# Superman Bettas



## DiiQue (Jul 15, 2012)

So, just what makes a betta a "superman" betta, is it the specific color they come in or are they "faster than a speeding bullet and can leap tall buildings/tanks"? :-D


----------



## LadyVictorian (Nov 23, 2011)

What I seem to see is that they are better fighting fish. I hear about a lot of US fighters breeding and fighting them.


----------



## DiiQue (Jul 15, 2012)

Oh okay, I wonder how they differ from other fighters and if they would be okay to just keep as a pet, vice leading a fighting lifestyle...


----------



## Setsuna (Sep 5, 2012)

DiiQue said:


> Oh okay, I wonder how they differ from other fighters and if they would be okay to just keep as a pet, vice leading a fighting lifestyle...


i dont think it would be wise to keep fighters as pets. Because fighters are bred to fight and the color of a fighter or all fighters are not as good looking as show bettas. 


And this should shed some light
*Family: * *KNM-10 SUPEMAN "HIT MAN" **
Size: * *1.6 to 2.3 gram* 
*Color: * *Grey , Blue , Green* 
*Attack: * *50% Corners of mouth & Eyes, face* *30% 
Ears to stomach, neck* *20% Base of tail* *
Desc.:* * Top Sharp, Top heart, SUPER TOUGH skin*


----------



## DiiQue (Jul 15, 2012)

Hmmm, I dont know, the colors of the superman bettas I've seen appeal to me.. but I do worry about whether or not these bettas actually expect to fight and if not put in that type of environment, would die or get sick, regardless of how nice and well maintained a "pet" environment is given to them. 
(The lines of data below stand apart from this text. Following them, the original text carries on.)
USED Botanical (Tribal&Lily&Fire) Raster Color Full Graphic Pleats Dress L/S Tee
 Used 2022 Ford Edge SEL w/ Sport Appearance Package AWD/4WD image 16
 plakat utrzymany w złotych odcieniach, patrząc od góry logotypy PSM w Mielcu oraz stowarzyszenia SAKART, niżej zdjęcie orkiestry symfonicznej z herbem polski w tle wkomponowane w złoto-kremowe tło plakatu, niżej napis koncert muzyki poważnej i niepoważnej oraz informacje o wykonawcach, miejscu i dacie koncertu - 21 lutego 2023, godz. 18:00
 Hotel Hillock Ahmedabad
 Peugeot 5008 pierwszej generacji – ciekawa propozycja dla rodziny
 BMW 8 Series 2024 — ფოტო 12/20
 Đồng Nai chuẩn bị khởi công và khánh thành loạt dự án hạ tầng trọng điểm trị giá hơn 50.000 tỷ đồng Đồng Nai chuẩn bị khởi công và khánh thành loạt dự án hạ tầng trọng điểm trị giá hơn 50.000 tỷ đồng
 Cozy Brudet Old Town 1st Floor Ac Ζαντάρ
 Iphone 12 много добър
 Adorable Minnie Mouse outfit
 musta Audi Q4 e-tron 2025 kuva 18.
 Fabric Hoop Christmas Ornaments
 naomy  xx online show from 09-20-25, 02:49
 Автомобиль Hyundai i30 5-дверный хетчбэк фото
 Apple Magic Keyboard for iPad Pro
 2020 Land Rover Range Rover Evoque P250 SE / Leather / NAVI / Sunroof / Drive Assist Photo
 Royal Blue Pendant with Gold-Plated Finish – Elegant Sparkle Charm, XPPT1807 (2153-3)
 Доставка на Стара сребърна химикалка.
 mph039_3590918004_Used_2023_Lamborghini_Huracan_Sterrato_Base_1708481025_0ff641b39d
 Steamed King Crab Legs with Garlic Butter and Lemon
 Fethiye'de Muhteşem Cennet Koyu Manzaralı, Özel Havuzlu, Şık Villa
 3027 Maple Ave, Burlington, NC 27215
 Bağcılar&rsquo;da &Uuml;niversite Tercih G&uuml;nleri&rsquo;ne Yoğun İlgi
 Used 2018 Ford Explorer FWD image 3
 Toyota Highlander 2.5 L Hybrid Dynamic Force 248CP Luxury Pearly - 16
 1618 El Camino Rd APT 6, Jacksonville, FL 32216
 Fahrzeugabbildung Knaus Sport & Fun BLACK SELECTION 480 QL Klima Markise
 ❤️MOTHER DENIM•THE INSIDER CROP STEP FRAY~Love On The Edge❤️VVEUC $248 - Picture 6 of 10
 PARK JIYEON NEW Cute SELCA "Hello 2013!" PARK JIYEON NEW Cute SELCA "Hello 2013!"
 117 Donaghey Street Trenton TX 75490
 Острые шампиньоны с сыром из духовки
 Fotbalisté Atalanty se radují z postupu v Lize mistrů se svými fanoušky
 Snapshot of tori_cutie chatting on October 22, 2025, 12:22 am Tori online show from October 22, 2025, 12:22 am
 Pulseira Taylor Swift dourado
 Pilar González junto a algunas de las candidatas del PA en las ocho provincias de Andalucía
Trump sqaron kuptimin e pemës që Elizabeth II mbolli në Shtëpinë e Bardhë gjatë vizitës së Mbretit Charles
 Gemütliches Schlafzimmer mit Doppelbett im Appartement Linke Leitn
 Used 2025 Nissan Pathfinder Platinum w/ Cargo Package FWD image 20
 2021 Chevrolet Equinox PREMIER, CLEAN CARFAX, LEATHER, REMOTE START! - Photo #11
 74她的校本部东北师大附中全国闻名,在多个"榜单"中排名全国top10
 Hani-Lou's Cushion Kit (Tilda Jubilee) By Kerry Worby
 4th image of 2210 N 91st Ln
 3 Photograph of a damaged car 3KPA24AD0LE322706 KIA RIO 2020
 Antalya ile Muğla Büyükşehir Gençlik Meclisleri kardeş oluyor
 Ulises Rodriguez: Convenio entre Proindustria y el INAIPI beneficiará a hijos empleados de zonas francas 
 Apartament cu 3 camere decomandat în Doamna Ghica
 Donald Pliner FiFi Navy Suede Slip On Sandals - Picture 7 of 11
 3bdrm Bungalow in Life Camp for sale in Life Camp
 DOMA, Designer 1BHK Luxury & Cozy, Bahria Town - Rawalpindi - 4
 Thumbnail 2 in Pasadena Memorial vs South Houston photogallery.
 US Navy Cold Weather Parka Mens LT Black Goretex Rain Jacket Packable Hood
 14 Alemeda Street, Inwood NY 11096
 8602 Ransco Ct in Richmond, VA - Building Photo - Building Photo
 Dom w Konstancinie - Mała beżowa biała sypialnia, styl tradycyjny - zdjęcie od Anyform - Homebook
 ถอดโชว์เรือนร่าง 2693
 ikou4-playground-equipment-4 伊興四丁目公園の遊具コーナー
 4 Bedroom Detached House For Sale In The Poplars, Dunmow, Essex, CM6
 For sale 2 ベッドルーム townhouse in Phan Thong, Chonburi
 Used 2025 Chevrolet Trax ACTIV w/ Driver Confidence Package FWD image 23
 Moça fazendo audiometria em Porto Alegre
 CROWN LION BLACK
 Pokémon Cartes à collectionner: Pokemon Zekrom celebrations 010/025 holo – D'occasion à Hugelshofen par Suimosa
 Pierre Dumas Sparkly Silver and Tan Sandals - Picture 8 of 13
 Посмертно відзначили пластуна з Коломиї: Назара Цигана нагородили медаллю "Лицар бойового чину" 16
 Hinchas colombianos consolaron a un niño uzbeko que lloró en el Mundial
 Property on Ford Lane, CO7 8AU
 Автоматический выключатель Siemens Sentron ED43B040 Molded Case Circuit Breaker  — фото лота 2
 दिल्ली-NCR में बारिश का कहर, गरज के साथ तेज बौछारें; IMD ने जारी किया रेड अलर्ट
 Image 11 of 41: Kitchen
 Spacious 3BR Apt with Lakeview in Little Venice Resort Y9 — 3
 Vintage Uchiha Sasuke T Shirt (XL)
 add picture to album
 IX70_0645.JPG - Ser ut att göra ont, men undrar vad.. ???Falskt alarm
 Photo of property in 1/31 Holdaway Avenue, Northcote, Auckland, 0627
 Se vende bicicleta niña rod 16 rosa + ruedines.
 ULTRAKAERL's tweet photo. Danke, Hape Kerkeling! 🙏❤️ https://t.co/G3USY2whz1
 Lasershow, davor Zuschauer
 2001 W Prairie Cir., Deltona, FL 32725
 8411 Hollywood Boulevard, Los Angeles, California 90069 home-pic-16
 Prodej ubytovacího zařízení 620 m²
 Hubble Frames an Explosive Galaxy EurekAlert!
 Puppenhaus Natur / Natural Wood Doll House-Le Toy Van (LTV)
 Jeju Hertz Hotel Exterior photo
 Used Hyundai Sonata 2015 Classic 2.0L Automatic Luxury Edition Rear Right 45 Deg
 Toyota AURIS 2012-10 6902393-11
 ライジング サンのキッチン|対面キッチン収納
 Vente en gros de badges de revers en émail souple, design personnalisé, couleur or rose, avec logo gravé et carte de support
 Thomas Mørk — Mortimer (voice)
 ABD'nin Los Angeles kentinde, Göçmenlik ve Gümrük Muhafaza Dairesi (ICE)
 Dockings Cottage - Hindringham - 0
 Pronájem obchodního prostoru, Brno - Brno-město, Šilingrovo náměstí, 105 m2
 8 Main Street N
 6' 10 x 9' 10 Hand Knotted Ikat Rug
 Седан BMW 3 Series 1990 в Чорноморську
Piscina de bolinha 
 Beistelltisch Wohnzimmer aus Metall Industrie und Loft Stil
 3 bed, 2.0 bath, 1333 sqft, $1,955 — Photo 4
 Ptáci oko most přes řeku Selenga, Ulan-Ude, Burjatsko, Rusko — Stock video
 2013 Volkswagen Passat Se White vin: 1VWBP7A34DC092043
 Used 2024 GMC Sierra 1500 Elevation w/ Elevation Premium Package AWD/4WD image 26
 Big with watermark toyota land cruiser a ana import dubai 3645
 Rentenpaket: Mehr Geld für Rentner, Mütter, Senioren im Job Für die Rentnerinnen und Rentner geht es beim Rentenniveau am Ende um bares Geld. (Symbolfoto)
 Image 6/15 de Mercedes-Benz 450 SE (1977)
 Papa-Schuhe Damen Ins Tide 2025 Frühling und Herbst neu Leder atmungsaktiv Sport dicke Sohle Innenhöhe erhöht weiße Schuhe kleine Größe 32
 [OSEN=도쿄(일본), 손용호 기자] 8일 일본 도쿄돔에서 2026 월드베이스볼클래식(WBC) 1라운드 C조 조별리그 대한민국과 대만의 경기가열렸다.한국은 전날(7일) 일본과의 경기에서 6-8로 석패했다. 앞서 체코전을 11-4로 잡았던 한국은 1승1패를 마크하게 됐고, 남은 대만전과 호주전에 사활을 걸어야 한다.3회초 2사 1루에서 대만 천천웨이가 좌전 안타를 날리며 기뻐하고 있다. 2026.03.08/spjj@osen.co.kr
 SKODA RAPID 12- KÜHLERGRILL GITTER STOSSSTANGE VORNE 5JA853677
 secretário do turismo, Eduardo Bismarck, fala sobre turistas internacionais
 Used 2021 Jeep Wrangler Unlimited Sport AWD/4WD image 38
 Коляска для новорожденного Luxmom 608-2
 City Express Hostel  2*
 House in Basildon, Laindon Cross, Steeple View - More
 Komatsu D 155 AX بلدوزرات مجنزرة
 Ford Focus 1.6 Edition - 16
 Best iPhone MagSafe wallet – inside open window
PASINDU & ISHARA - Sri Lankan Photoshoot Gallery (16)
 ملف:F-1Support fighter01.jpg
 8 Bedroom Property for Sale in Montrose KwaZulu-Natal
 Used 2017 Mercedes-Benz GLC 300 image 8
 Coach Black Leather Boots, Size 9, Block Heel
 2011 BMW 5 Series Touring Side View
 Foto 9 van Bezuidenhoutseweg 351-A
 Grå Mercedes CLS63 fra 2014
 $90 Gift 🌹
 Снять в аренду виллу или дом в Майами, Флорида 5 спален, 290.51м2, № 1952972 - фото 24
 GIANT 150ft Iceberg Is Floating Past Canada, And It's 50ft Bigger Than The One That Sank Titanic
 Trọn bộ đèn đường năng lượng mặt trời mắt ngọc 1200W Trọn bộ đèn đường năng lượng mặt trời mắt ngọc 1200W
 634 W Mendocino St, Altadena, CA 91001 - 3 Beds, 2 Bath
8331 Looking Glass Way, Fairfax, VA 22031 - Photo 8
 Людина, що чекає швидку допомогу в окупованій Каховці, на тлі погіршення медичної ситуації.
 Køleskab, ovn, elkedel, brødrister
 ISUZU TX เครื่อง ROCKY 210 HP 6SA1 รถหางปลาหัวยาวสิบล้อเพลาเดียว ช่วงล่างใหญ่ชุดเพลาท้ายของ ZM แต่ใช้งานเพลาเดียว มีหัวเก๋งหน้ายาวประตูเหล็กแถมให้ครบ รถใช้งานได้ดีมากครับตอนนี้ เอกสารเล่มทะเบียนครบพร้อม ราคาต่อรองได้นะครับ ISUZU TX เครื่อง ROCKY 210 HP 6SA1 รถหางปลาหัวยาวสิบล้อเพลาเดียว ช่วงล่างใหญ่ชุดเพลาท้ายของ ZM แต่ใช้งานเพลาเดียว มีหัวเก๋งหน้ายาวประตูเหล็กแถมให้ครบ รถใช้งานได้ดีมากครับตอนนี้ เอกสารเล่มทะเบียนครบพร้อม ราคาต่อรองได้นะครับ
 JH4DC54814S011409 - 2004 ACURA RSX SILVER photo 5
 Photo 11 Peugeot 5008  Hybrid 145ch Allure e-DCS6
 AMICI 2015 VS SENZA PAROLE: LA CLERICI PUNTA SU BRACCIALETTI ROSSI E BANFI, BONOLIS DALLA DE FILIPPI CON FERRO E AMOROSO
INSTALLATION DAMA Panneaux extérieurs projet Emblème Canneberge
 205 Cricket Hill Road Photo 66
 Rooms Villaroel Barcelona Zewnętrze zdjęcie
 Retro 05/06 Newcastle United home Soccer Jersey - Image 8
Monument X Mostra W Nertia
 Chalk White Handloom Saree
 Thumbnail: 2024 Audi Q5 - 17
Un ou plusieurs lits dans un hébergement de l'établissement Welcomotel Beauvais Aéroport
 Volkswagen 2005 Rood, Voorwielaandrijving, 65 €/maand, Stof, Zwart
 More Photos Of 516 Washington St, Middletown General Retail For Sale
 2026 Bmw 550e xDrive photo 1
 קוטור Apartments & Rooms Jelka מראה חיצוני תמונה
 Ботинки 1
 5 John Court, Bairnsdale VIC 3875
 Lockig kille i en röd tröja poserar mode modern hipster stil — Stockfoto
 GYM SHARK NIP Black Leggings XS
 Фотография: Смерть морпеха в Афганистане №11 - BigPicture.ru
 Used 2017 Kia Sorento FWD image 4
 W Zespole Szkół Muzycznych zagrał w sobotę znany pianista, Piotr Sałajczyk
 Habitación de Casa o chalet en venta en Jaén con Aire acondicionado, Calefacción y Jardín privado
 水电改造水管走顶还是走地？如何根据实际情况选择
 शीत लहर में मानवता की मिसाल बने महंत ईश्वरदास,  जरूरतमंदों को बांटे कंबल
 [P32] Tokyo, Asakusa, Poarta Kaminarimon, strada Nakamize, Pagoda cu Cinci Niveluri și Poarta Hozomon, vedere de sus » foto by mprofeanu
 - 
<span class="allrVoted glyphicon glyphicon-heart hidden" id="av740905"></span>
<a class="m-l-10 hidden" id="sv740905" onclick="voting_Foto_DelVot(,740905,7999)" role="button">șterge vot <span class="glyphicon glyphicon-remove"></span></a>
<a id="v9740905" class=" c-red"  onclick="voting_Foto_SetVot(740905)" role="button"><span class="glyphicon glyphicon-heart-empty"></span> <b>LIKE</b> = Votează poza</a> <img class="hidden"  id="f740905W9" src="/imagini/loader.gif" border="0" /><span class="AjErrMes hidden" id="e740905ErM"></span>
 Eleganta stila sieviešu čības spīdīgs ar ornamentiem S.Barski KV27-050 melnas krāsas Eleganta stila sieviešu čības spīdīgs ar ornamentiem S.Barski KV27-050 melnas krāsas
does anyone here keep fighters as pets?


----------



## Setsuna (Sep 5, 2012)

one of these guys cost $45 just for the male plus shipping $5 total of $50 plus transshipper cost to your house appreox $35 you do the math see if its worth it to you. now im not telling you to not get it but at that price you can get much better looking


----------



## dszoo (Aug 19, 2012)

I am looking into keeping some and breeding them into the lines we are working with to improve strength/health, etc.


----------



## LadyVictorian (Nov 23, 2011)

That would be interesting, but with such high aggression how would you accomplish breeding into your lines? Aren't you afraid the male would kill your females?


----------



## dszoo (Aug 19, 2012)

LadyVictorian said:


> That would be interesting, but with such high aggression how would you accomplish breeding into your lines? Aren't you afraid the male would kill your females?


I feel with proper conditioning the 'risk' would be minimal no more than it would be with any other breeding. I have a few pretty aggressive females that will flare at the slightest movement around their tank, heck they even flare at our males.


----------